A site marker on the sidewalk off Main Street in Fairfax City, Va., marks the birthplace of the Confederate battle flag. (Evelyn Hockstein/For The Washington Post)

The Confederate battle flag, a controversial symbol that was condemned this week by much of the political spectrum, was born a few miles outside Washington during the first major land battle of the Civil War.

A simple roadside marker in Fairfax City describes how “amid the smoke of combat” during the First Battle of Manassas in 1861, Confederate soldiers had trouble distinguishing which troops were carrying the American flag and which were hoisting what was then the flag of the rebellious Southern states.

That’s because the first Confederate flag resembled Betsy Ross’s Colonial-era flag, with red and white stripes aligned next to a ring of white stars on a blue field.

Near what is now Main and Oak streets in Fairfax City, Confederate Gens.

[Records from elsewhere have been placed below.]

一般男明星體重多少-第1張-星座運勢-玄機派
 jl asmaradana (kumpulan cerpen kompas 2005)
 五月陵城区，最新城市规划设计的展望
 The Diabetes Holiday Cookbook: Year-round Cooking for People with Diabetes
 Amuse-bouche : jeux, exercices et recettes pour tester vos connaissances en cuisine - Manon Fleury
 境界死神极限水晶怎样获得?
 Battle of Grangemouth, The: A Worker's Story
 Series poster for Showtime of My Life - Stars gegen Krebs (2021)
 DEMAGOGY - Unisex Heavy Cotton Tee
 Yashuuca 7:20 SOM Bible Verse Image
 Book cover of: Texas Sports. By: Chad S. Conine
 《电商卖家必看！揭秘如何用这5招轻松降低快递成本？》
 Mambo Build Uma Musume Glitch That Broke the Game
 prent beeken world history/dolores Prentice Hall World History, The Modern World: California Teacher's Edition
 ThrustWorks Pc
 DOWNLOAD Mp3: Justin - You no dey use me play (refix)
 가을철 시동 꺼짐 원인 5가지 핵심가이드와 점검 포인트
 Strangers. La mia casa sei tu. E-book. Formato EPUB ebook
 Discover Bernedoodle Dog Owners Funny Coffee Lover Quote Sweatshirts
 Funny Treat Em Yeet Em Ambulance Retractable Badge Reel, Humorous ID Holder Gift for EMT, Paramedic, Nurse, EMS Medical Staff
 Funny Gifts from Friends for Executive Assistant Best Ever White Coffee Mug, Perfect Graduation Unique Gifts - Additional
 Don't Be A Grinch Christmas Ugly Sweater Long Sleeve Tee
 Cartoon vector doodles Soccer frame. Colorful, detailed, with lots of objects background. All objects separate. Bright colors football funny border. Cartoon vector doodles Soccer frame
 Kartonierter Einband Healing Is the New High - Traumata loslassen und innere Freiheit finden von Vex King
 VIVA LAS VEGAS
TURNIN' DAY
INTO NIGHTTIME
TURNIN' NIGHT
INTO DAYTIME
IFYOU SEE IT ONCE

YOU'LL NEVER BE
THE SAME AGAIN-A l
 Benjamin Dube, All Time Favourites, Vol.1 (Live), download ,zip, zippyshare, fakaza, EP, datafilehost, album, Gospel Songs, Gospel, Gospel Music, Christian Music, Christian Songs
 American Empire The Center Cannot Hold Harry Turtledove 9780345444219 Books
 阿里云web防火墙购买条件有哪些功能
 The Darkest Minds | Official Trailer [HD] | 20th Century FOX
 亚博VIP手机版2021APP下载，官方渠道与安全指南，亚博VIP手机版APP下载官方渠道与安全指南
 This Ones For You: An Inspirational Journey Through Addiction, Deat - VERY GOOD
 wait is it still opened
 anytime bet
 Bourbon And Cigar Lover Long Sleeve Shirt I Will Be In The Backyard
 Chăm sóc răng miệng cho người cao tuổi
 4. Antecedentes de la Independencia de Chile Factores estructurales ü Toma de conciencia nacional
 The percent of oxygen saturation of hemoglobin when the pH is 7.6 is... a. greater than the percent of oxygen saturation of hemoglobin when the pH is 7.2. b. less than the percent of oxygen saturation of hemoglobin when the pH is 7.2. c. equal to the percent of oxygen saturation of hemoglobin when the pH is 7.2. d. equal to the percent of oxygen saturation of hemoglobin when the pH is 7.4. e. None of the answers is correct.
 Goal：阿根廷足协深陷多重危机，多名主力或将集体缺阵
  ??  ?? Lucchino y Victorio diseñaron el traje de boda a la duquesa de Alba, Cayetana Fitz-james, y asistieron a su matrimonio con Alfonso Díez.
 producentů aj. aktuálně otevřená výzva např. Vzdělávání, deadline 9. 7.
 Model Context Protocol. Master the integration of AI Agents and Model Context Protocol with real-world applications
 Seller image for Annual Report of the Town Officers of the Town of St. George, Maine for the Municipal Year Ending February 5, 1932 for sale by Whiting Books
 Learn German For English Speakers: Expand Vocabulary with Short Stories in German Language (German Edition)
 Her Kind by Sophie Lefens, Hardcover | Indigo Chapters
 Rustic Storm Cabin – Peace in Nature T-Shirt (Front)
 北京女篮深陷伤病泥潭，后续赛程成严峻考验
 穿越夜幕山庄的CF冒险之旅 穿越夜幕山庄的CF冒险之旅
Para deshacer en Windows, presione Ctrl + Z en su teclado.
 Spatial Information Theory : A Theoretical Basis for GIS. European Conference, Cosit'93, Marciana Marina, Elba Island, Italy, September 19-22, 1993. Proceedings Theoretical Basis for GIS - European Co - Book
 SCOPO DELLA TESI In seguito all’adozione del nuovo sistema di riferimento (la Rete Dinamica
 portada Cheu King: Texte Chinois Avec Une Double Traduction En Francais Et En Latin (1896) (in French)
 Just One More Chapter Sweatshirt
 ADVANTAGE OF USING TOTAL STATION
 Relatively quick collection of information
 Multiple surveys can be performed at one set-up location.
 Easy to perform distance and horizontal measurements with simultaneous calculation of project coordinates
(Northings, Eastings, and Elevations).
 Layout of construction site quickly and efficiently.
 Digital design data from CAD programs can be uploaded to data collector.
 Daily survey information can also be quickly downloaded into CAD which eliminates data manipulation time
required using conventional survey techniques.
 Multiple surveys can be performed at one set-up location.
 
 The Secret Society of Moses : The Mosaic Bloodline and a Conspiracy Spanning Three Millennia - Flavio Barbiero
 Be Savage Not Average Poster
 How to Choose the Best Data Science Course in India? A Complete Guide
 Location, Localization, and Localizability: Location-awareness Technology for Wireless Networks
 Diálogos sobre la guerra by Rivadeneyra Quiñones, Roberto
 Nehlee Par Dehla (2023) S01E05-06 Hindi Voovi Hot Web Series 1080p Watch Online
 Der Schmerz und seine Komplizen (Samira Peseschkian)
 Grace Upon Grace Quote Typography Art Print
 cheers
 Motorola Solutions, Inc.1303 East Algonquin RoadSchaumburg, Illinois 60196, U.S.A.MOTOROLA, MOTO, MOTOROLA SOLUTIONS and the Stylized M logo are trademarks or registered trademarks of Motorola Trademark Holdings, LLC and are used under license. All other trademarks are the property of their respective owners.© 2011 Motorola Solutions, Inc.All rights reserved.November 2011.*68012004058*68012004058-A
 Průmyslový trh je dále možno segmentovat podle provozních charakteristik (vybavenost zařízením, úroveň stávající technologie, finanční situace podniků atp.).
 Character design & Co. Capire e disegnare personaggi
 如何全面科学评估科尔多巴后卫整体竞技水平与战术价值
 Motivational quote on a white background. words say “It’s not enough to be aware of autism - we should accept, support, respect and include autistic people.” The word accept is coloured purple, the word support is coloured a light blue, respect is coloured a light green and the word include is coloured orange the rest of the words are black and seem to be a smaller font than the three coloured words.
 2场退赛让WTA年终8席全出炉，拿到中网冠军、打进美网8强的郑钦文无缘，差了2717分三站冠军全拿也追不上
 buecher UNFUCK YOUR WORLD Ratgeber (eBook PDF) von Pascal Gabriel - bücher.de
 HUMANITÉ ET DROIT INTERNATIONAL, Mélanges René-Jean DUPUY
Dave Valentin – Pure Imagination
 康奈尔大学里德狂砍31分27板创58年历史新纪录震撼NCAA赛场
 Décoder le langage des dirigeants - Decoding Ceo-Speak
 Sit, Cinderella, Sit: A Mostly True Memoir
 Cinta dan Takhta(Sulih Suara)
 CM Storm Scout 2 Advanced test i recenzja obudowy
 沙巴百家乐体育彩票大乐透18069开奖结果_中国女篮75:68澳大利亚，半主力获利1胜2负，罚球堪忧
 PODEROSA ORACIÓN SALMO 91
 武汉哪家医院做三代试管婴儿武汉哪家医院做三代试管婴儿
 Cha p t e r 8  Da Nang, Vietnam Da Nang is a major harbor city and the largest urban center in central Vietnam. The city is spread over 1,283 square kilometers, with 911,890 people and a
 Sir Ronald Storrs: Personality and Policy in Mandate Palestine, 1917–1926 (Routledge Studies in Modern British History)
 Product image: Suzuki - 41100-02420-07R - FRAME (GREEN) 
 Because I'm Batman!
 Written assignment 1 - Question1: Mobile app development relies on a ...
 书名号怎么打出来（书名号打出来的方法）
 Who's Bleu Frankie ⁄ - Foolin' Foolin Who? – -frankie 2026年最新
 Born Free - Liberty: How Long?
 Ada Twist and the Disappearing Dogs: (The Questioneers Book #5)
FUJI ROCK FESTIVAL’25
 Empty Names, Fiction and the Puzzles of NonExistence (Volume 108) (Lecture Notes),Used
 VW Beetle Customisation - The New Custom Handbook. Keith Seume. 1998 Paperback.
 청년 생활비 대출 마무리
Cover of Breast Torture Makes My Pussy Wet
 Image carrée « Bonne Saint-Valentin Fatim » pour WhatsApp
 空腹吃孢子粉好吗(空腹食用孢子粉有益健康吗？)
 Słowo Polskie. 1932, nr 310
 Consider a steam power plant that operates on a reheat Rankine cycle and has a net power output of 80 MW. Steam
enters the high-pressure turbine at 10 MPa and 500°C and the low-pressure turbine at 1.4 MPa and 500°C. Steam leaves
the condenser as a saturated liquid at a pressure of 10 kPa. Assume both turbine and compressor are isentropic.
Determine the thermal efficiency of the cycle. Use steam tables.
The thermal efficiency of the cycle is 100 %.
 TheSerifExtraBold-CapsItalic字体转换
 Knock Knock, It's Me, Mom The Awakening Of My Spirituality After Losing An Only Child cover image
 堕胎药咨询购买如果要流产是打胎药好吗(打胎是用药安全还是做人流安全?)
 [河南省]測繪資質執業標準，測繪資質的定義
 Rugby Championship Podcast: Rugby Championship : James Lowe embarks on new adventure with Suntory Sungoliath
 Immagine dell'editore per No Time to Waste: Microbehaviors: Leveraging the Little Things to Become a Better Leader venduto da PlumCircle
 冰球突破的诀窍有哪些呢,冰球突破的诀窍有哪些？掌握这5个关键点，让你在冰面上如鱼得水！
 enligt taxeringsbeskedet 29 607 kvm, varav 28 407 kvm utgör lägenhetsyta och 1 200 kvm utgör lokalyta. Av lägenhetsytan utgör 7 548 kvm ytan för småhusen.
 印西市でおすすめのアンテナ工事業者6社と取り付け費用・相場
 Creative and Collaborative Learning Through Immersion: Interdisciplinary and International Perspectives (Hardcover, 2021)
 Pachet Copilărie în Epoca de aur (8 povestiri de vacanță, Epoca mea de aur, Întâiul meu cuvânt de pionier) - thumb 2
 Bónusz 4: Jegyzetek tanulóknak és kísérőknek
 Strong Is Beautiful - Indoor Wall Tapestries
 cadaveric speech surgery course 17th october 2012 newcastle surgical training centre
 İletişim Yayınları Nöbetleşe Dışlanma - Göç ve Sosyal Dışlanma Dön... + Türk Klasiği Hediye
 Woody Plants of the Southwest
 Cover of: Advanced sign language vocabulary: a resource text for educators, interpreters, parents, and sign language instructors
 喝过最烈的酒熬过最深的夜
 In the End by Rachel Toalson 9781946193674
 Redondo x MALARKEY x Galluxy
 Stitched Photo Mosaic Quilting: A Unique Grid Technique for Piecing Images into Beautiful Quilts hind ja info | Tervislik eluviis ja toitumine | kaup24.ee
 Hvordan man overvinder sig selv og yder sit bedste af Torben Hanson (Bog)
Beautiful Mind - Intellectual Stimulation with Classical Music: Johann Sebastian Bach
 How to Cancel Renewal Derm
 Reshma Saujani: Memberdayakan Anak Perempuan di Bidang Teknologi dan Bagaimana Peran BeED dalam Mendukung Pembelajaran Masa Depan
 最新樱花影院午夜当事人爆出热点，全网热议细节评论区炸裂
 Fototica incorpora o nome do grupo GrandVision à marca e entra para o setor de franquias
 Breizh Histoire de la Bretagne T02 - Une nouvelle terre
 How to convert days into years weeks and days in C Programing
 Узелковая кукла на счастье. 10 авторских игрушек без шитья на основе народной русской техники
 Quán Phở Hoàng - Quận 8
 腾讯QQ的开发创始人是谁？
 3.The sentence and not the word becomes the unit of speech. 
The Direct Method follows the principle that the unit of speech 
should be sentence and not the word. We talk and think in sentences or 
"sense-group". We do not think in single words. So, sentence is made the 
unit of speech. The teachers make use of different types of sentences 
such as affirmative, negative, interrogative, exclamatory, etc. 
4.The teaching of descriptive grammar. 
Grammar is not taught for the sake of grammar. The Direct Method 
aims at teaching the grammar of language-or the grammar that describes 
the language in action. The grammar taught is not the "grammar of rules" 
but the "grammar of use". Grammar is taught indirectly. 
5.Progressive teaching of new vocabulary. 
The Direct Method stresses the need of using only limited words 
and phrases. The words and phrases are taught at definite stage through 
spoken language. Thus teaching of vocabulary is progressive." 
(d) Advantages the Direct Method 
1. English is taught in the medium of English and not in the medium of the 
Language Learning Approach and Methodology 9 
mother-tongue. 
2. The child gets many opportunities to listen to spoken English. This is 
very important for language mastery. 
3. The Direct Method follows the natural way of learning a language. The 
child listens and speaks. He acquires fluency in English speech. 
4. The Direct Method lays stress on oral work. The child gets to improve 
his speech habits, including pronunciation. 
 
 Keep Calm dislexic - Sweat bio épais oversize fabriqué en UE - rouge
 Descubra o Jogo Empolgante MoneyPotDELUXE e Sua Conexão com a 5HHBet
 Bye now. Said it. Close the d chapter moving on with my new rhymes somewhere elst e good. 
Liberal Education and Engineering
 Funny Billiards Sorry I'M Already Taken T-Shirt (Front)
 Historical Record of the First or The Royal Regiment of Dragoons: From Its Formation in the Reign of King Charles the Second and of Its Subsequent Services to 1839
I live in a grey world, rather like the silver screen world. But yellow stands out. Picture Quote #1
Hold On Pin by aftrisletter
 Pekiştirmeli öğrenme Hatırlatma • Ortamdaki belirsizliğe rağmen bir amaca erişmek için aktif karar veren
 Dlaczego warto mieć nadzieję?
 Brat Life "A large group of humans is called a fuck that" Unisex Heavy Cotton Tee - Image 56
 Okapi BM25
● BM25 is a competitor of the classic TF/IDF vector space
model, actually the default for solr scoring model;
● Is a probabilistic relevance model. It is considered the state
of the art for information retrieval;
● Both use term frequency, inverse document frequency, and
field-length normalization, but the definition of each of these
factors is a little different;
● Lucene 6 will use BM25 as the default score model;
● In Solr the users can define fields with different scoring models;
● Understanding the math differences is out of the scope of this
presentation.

Pierre Gustave Toutant-Beauregard and William L. Cabell approved the design for a new flag: square and red, with diagonally crossed blue bars and stars — the Confederate battle flag.

“There was a lot of confusion” during the early part of the Civil War, said Michael Shumaker, a retired U.S. Navy officer who championed the effort to install the historic marker in 2007. “There was a need to have a flag that was distinctly different.”

The outnumbered Southerners won the First Battle of Manassas, also known as the First Battle of Bull Run, sending a strong signal to stunned Northerners that the civil war would be long and hard.

On Wednesday, as cars and a few pedestrians passed by the marker, several people interviewed by a Washington Post reporter said they never realized that the sign was there.

But once they examined it, they — like much of the nation — had ready opinions about what the flag means in the aftermath of last week’s fatal shootings of nine African Americans inside a historic black church in Charleston, S.C. Authorities say the alleged shooter, Dylann Roof, used the Confederate flag in a racist manifesto posted online before the shooting.

“I don’t like it,” Delia Espinoza, 40, a Mexican immigrant who lives in an apartment complex near the site of the historic meeting. “But, at the same time, this is a free country,” she said in her native Spanish.

Shah Khokker, 21, said he likes the marker’s historic significance but thinks the Confederate flag should no longer be publicly flown. “Who won the war? The U.S. won the war,” Khokker said.

South Carolina Gov. Nikki Haley (R) has moved to end the practice of flying the flag on the statehouse grounds, and Virginia Gov. Terry McAuliffe (D) and Maryland Gov. Larry Hogan (R) have called for removing the symbol from state license plates.

But the issue is complicated, and opinions vary. Jim Webb (D), a former U.S. senator and a potential 2016 presidential candidate, defended the flag’s historic significance Wednesday.

And on Main Street in Fairfax City, Mike Mpalong, who is African American, applauded the marker and defended the use of the flag.

“I really don’t think they should take it down,” the 20-year-old said, explaining that he was worried about a racial backlash, among other things. “Taking down the flag would just create more stuff, more problems.”

Besides, Mpalong added, “It’s a part of history.”